Ростом Джон примерно 6,3 фута, а я – 5,6. Он явно должен чувствовать себя не так паршиво, как сейчас. Но этот рослый мужчина в агонии корчится на палубе.

У него приступ, за минуту у него получается сделать всего три вдоха и три выдоха. Его мучает удушье. Бонни умоляет его любыми способами позаботиться о себе, а ей нужно быть рядом с пловцом. Джон сам себе дважды вводит инъекции адреналина. Медиков не будет с нами еще несколько часов, они не имеют права находиться на судах до нашего выхода в нейтральные воды.

Официальный наблюдатель, Стив Мунэтоунс, не возражает против моего короткого отдыха на палубе Voyager, учитывая неизвестное происхождение ужалившей меня медузы. Неужели все закончится именно так? Я не желаю останавливаться, я хочу продолжить. Это же Мечта… Если я сейчас «отдохну» на корабле, этот марафон назовут инсценировкой (по правилам марафонского плавания, инсценировкой считается ситуация, когда пловец выходит из воды, преодолевает кризисный момент на сопровождающих лодках и затем возвращается в воду в том же самом месте, где вышел, и продолжает заплыв). Куба-11 не будет называться инсценировкой! Мы не заслужили этого! Черт возьми, мы слишком много работали!

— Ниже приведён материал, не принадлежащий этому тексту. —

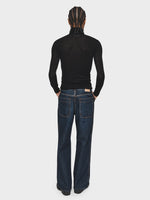 Oversized Trouser Jean in Dark Blue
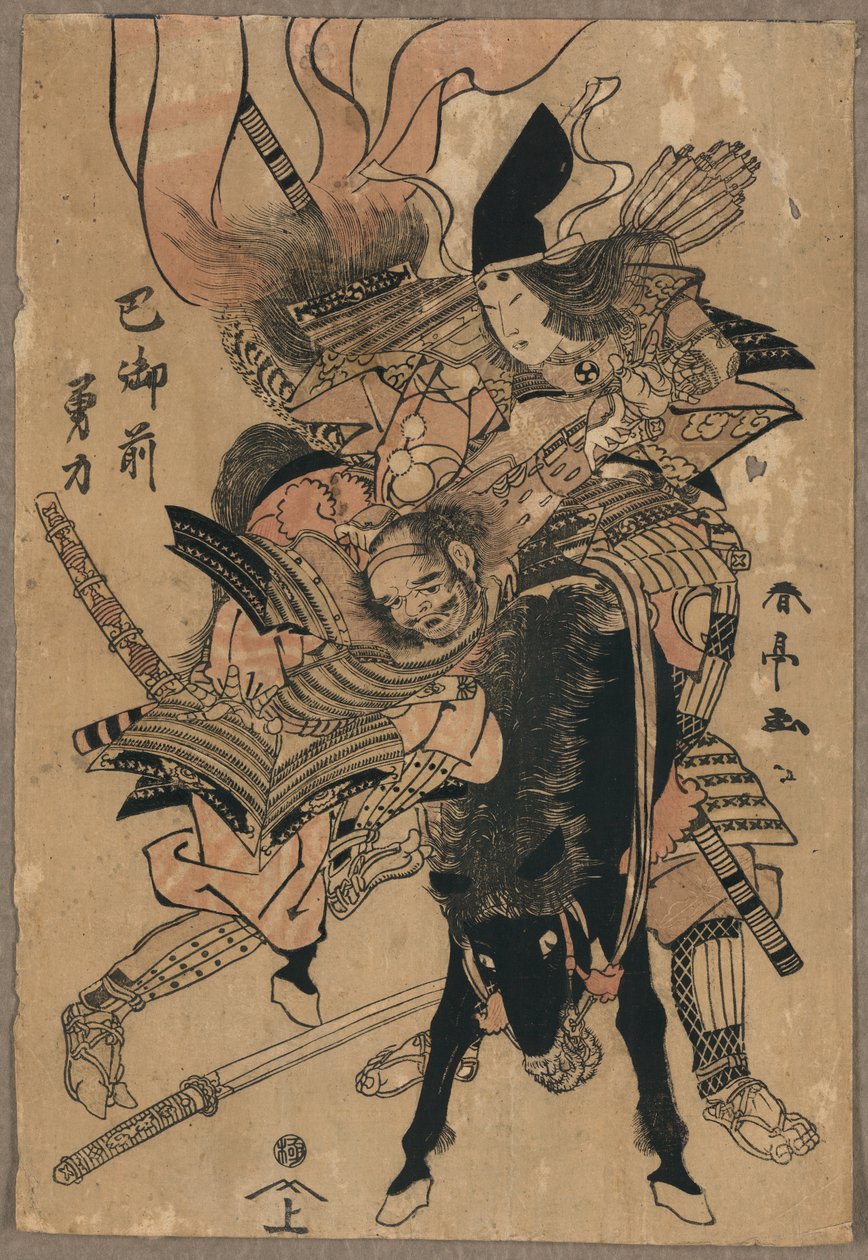 Die mächtige Tomoe Gozen, um 1810 von Katsukawa Shuntei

Я все еще в море. Бонни бросает мне кофту не из неопрена, а из хлопка[7]. Плыть нелегко. Бонни надеется на лучшее, по меньшей мере на то, что получится избежать дальнейших укусов. Ночью боль в теле утихает, однако опасность паралича позвоночника и повторного удушья сохраняется до следующего дня. Джон долго не может прийти в себя. (На пресс-конференции, которая состоится три дня спустя, он расскажет журналистам, что до сих пор чувствует тяжесть в легких и ему трудно дышать.) Я слышу, как он говорит: «Она нереальная. Я чуть не умер. А она до сих пор плывет. Невероятно!»